--- Records for processing Enclosed Below ---

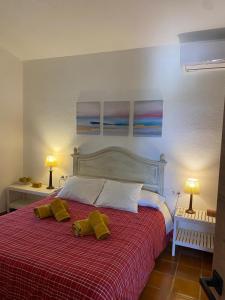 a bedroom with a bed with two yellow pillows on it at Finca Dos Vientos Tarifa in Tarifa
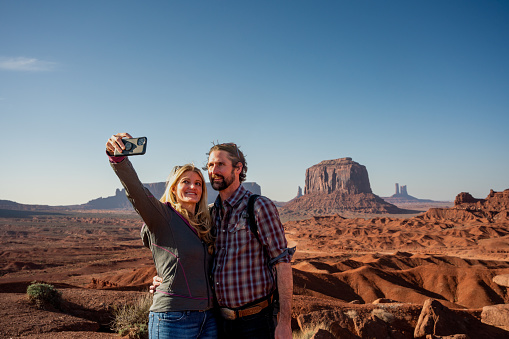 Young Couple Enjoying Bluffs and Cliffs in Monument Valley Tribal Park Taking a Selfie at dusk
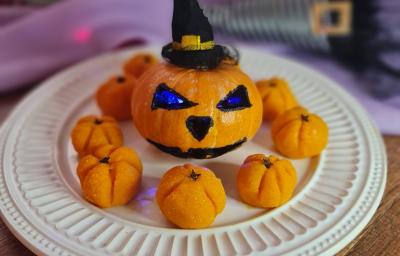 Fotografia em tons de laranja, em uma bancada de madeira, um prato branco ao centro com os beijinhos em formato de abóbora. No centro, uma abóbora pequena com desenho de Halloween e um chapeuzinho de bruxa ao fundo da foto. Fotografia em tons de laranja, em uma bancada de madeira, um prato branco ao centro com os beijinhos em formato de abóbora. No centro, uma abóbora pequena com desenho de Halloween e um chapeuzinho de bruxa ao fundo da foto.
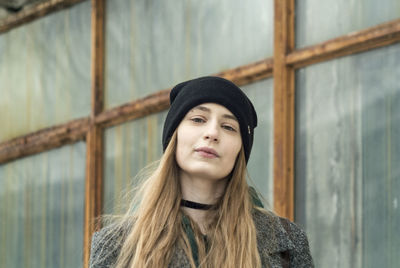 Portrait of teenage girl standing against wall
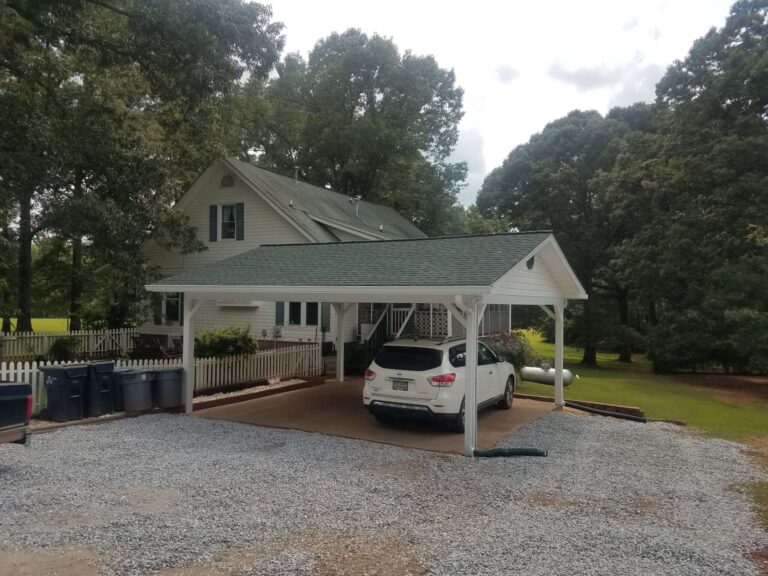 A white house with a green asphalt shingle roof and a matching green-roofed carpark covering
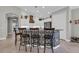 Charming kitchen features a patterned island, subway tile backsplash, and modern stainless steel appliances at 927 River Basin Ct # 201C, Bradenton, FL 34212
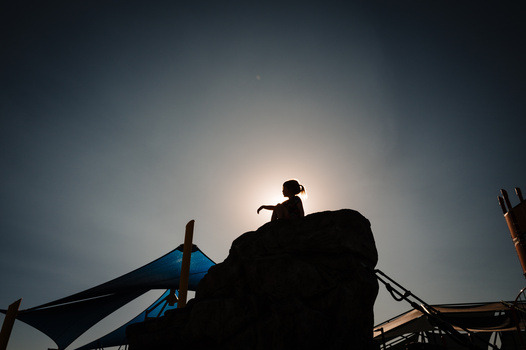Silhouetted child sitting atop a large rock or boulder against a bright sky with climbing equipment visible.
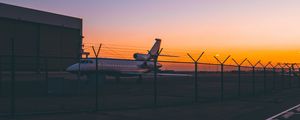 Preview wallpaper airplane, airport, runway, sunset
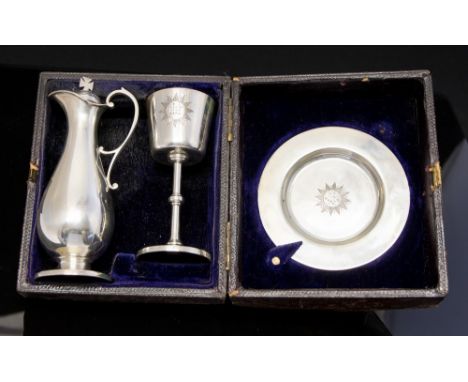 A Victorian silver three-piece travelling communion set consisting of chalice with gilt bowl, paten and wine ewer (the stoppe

--- End of Enclosed Records for processing ---
--- Records for processing Enclosed Below ---

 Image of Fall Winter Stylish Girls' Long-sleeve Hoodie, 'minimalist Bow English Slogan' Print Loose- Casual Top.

--- End of Enclosed Records for processing ---
--- Records for processing Enclosed Below ---

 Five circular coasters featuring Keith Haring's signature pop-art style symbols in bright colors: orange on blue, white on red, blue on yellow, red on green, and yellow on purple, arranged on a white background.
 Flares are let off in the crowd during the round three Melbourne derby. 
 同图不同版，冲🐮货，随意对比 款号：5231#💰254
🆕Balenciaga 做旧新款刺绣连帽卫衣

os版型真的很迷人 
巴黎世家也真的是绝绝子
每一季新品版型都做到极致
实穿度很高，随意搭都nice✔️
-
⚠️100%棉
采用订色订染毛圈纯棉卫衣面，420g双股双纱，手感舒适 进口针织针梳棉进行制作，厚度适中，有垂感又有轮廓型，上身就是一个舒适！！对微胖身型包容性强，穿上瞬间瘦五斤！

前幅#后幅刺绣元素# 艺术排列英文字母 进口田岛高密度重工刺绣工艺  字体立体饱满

--- End of Enclosed Records for processing ---

**What you should do**
Using the listing above, return word for word each line from the one that has "每一季新品版型都做到极致" through the one that has "前幅#后幅刺绣元素# 艺术排列英文字母 进口田岛高密度重工刺绣工艺", and no line outside that range.

**Exercise result**
每一季新品版型都做到极致
实穿度很高，随意搭都nice✔️
-
⚠️100%棉
采用订色订染毛圈纯棉卫衣面，420g双股双纱，手感舒适 进口针织针梳棉进行制作，厚度适中，有垂感又有轮廓型，上身就是一个舒适！！对微胖身型包容性强，穿上瞬间瘦五斤！

前幅#后幅刺绣元素# 艺术排列英文字母 进口田岛高密度重工刺绣工艺  字体立体饱满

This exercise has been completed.